Oh, to late, Mr. Ghisler already answered.
But maybe you can just run that search&replace a few times with different chars....



 
User avatar
ghisler(Author)
Site Admin
Site Admin
Posts: 48021
Joined: 2003-02-04, 09:46 UTC
Location: Switzerland
Contact:

Post by *ghisler(Author) »

The characters are Japanese phonetic characters called Katakana. There are half width and full width forms. Here are the charts from Unicode.org:
https://www.unicode.org/charts/PDF/U30A0.pdf
https://www.unicode.org/charts/PDF/UFF00.pdf

There are 96 different character codes for full width Katakana alone (including those with " and ° modifiers). You could do Search/Replace for these, but it would take a while to create. A small content plugin would be better.

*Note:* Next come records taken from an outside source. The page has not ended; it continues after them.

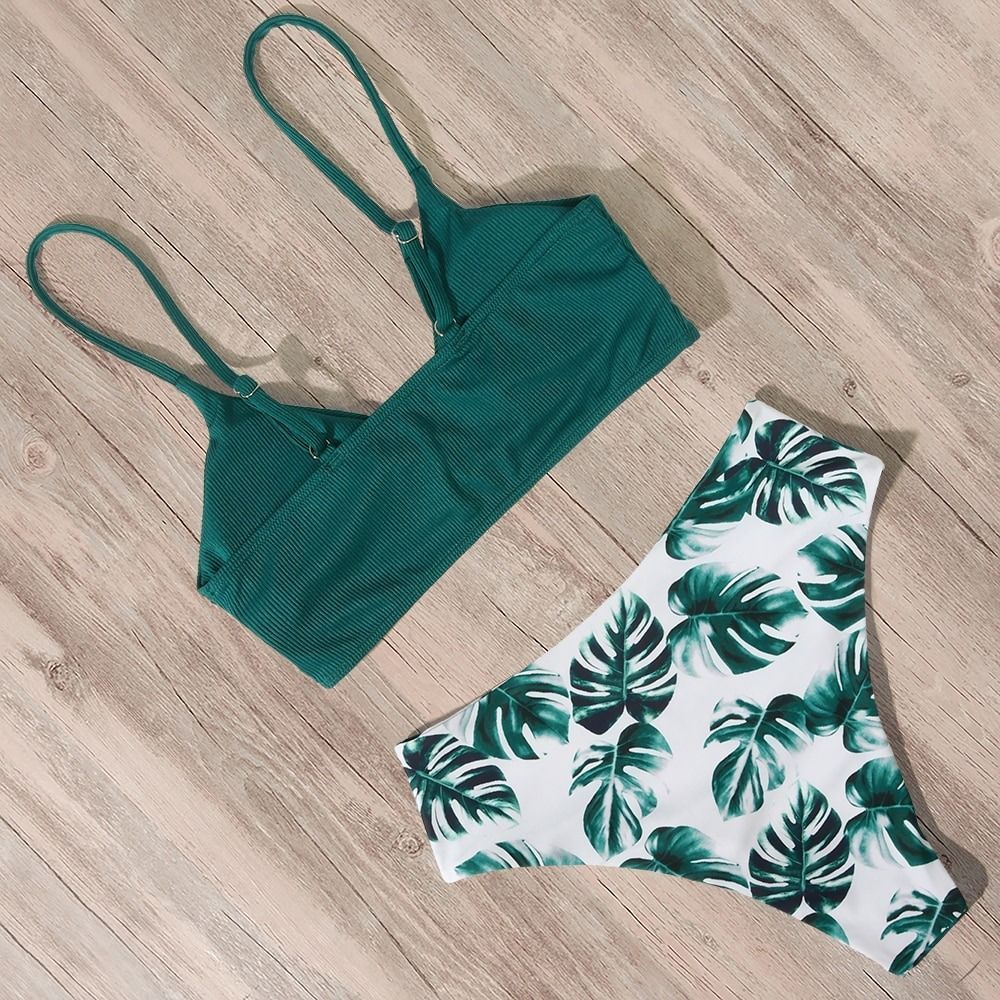 Costum de baie 2 piese, verde, imprimeu frunze Monstera, Marika C55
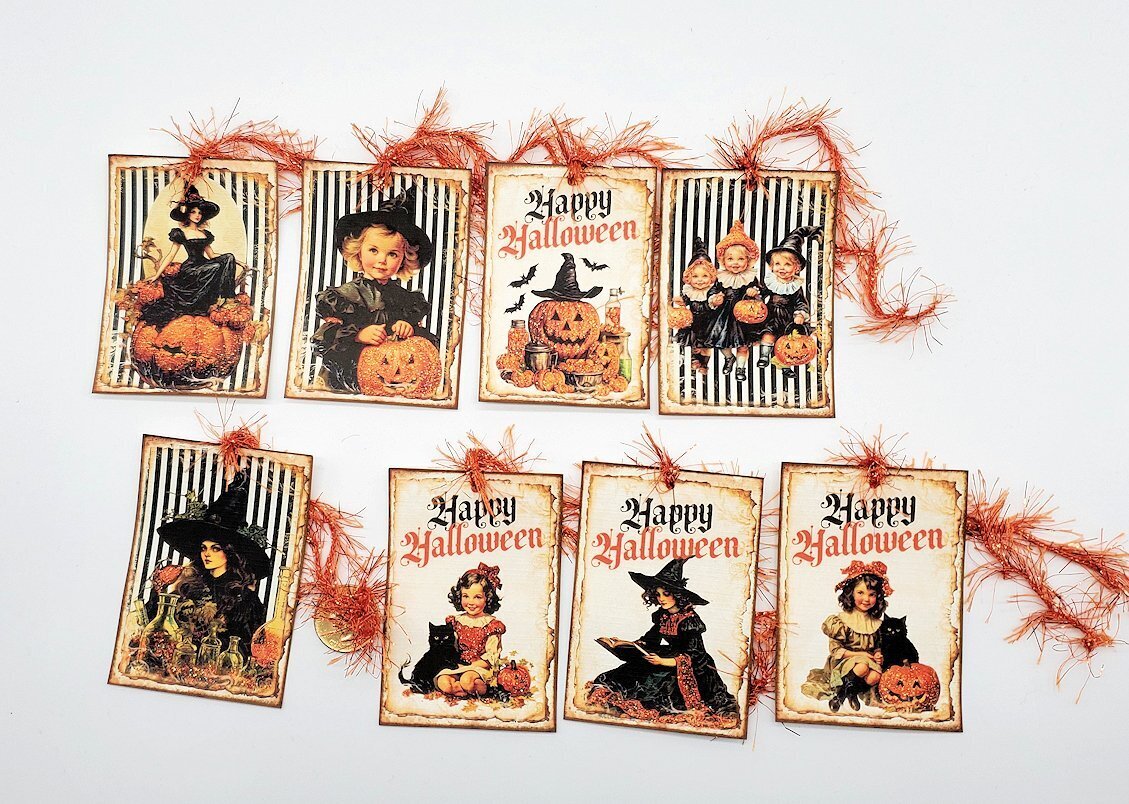 8-Halloween-Retro-Witch-Glitter-Junk Journal-Linen Cardstock-Hang-Tags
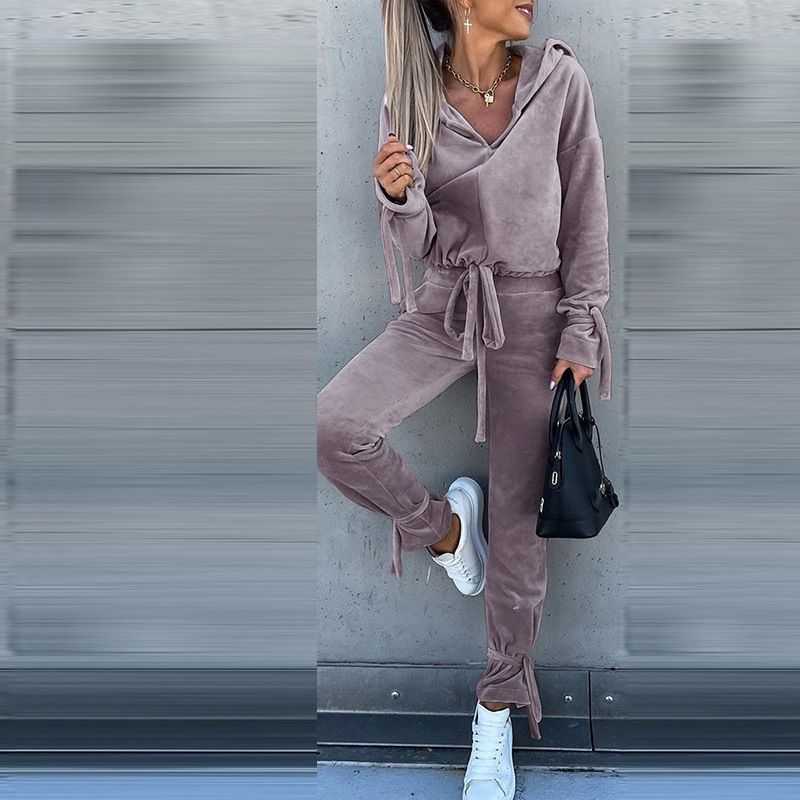 Zweiteiliges Set für Damen im Herbst, lässig, langärmelig, einfarbig, mit Kapuze, Sweatshirt, Haremshose_voghion.com
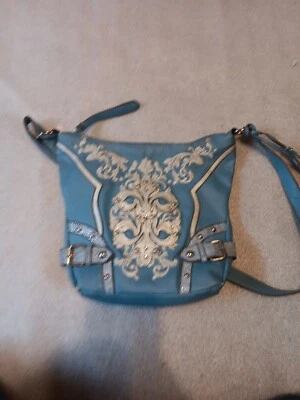 Bolso de Hombro Gemini Rising Azul/Plateado Acento Filigrana Embellecido Foto 1 de 4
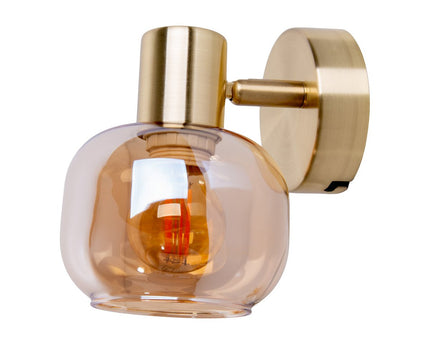 Glazen wandvlek "Libby", klassieke wandlamp gemaakt van messing gekleurd metaal en getinte glas in barnsteen, met E14-aansluiting, voor eetkamer, woonkamer, gang of kantoor, 16 cm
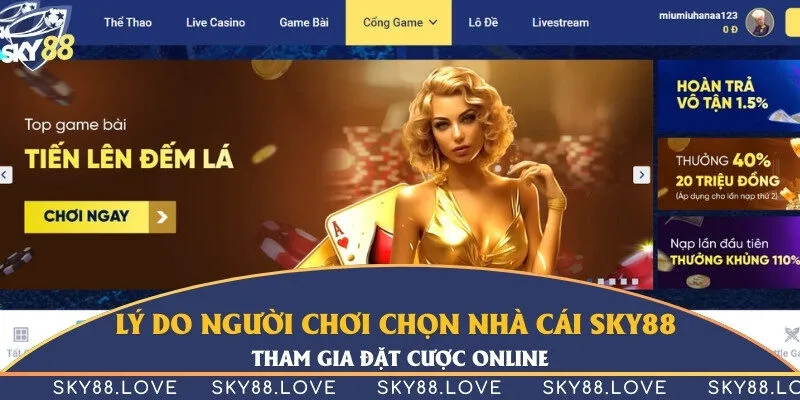 Lý do người chơi chọn nhà cái Sky88 tham gia đặt cược online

And then there is the second phonetic alphabet, Hiragana, with about the same number of characters.

These could both be converted to Latin quite easily. But the ideaograms (chinese characters) also used in Japanese can't - they are read differently depending on where they are used.
Author of Total Commander
https://www.ghisler.com
gdpr deleted 6
Power Member
Power Member
Posts: 872
Joined: 2013-09-04, 14:07 UTC

Post by *gdpr deleted 6 »

Keep in mind that if you want to reduce your file names to only the ASCII characters, you might end up with the same (ASCII) name for different files in the same directory.

While you could manually take care of such an issue in the MRT, this could become burdensome if "hundreds" of files are involved in a MRT operation.

For so many files, it probably is better to write a simple, tailor-made script (Powershell/.NET or any other preferred scripting language of your choice) that does the renaming while automatically handling possible file name collisions the way you want.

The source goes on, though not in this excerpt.